Kiosk Apps are Chrome Apps that are designed to always run fullscreen using Single App Kiosk Mode on Chrome OS and do not allow the user to exit the app. They're great for a purpose-built Chrome device, such as a guest registration desk, a library catalog station, or a point-of-sale system in a store.

A Kiosk App can be launched manually or set to automatically launch when the device boots up. You can use a Chrome device as a kiosk by turning on Single App Kiosk mode manually for each device, or across multiple devices using the Chrome management console.

How they look

Once the Kiosk App starts, the user experience is dedicated to the tasks defined by the app. The app does not look like the traditional Chrome browser: there is no window frame, no Omnibox (address bar), no tab strip, and no other browser interface elements. So as a developer, every pixel of the screen is yours to use as you wish.

How they behave

When a Kiosk App is configured to run on Chrome OS using Single App Kiosk Mode, the user has no control over the app’s lifecycle. The user cannot exit the app or switch to another task. However, as an app developer, you can offer a "logout" or "exit" button within the app to close all its windows, which terminates the session and returns the user to the login screen.

Single App Kiosk Mode optimizes bandwidth use and speed by downloading and installing the app so it can launch each time without installation delays. Each time a Kiosk App launches, the system checks for updates in the Chrome Web Store to ensure that the latest app version is installed, unless the app is set to be enabled offline. Thereafter, the system checks for updates every five hours and installs the update if available. If the device is offline, the update is rescheduled to a later time when the app is back online.
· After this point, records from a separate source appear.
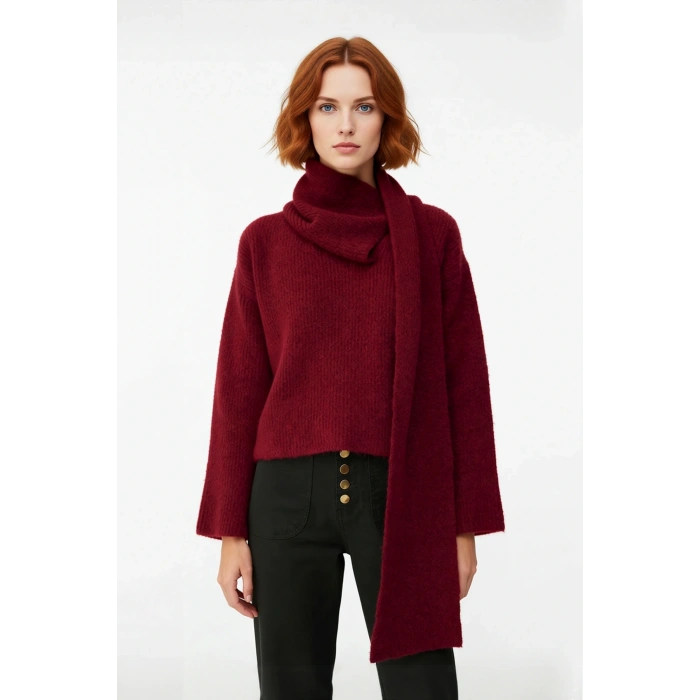 Kadın Rahat Şal Yaka Düşük Kol Kalın Triko Kazak Gri Kış Sezonu Crop Boy Günlük Kullanım Kaliteli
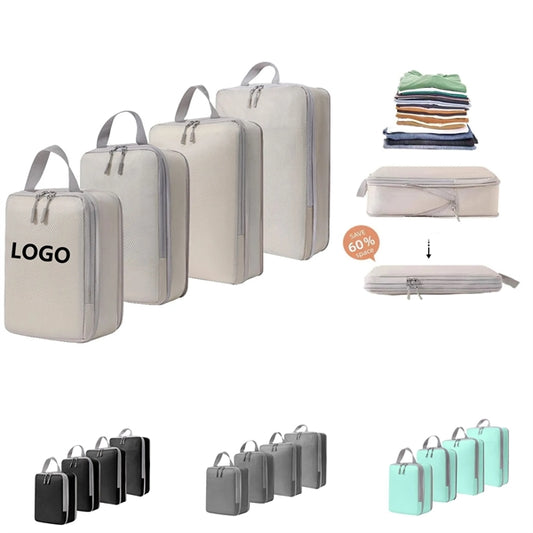 4 Set Compression Packing Cubes Travel Accessories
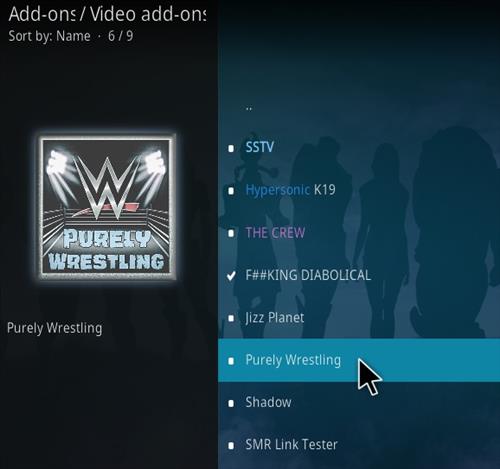 Cómo instalar el complemento Purely Wrestling Kodi Paso 17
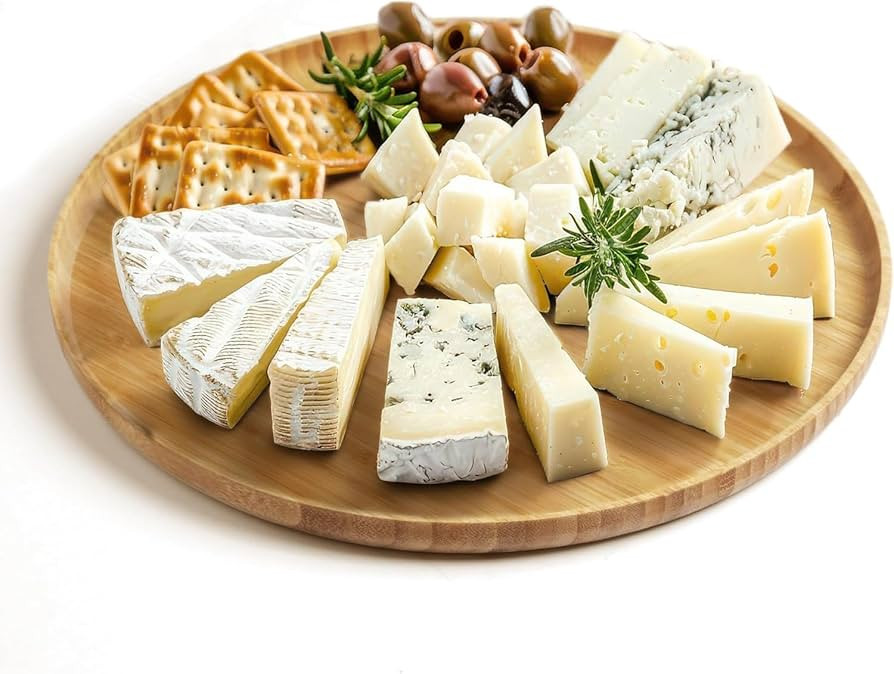 Premium Bamboo Round Tray - Natural Multipurpose Wood Serving Platter for Grilling, BBQ, Tea, Cof... | Amazon (US)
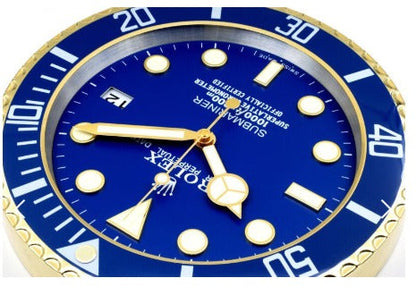 Rolex Wall Clock Quartz Analog Dated Design Metal Art Wall Clock Luminous Function Blue Dial With Metal Blue Case Home Decor Wall Clocks Inspired By Submariner II Dated Wall decording Clock- Classy Look Clock For Home D cor Wall RLX-WC-804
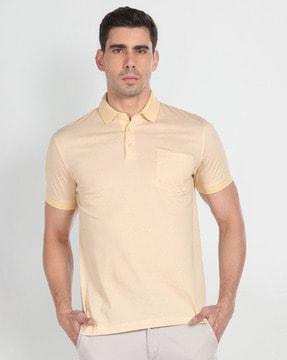 geometric print cotton polo shirt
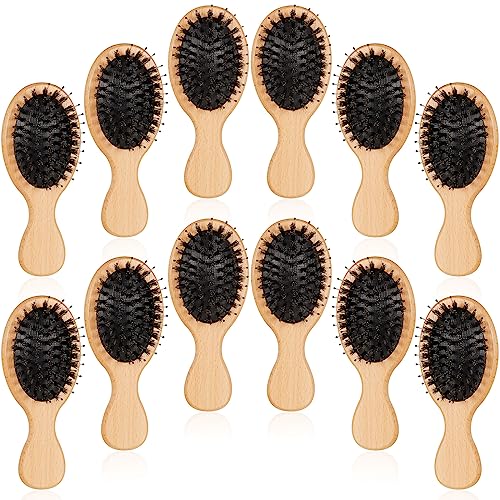 tessco for you 12 Pcs Mini Hair Brush Bulk Mini Boar Bristle Hair Brush Wooden Paddle Travel Hairbrush DIY Gifts for Wedding Christmas Women Men Long Short Wet Dry Scalp Massage Anti Static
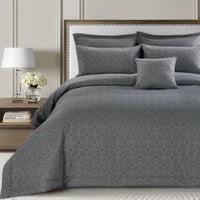 مفرش صيفي مفرد ونص 6 قطع - كارلين - رمادي غامق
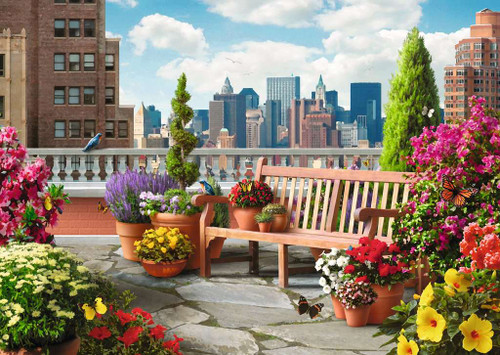 Rooftop Garden 500pc Large Format image featuring potted flowers and a bench on a rooftop, a city skyline in the background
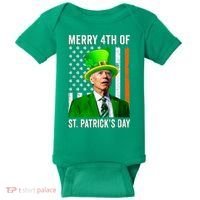 Merry 4th Of St Patrick's Day Joe Biden Leprechaun Hat Baby Bodysuit thumb 0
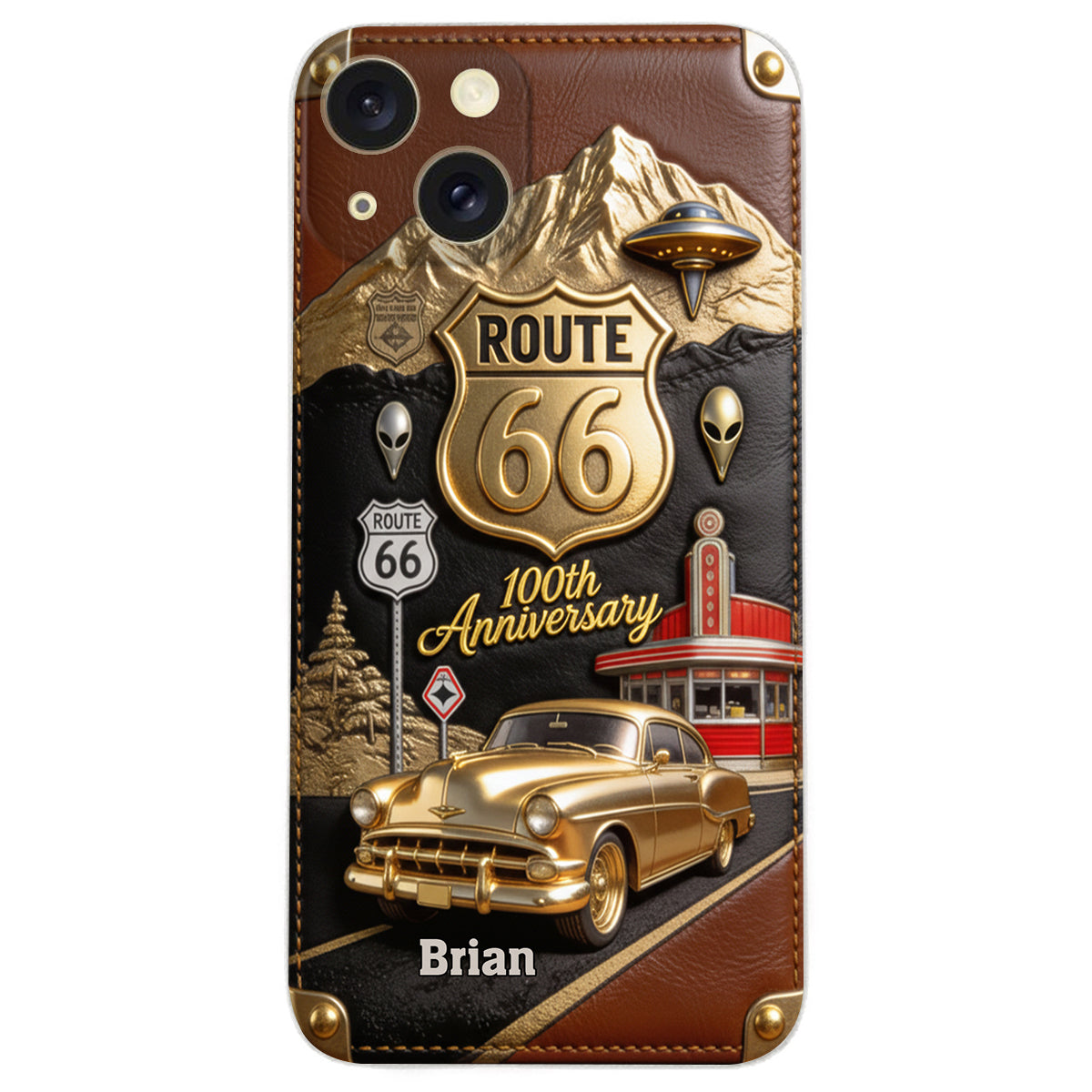 Route 66 100th Anniversary - Personalized Car Lover Leather Phone Case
Any data the app stores using the FileSystem API persists across executions of the app, allowing you to download and cache any assets your app may need while offline. As a developer, you need to ensure that user data is stored locally while offline, then synced to your data server once online (see Offline First).

Once the app is installed, it is available to anyone who walks up to the Chrome OS device. There is no need for users to log in before using Single App Kiosk Mode.

How to develop a Kiosk App

If you know how to build a Chrome App, then you know how to build a Kiosk App because they use the same app architecture. All you have to do is set "kiosk_enabled" to true in your app’s manifest file. Your app can then run in either a regular session or Single App Kiosk Mode. If you want your app to run in Single App Kiosk Mode only, then also set "kiosk_only" to true. This prevents the app from being launched in a regular session. For example:

{
  "app" : {
    "background" : {
      "scripts" : ["background.js"]
    }
  },
  "manifest_version" : 2,
  "name" : "My Kiosk App",
  "version" : "1.0",
  ...

  // Set as Kiosk App
  "kiosk_enabled" : true,
  "kiosk_only" : true
}

To determine whether the app is being run in a regular session or Single App Kiosk Mode, you can inspect the isKioskSession boolean that's included in the launchData object from the app.runtime.onLaunched event.

If you want to monetize your app, your app must handle all payment logic. You cannot monetize a Kiosk App through the Chrome web store payment flow.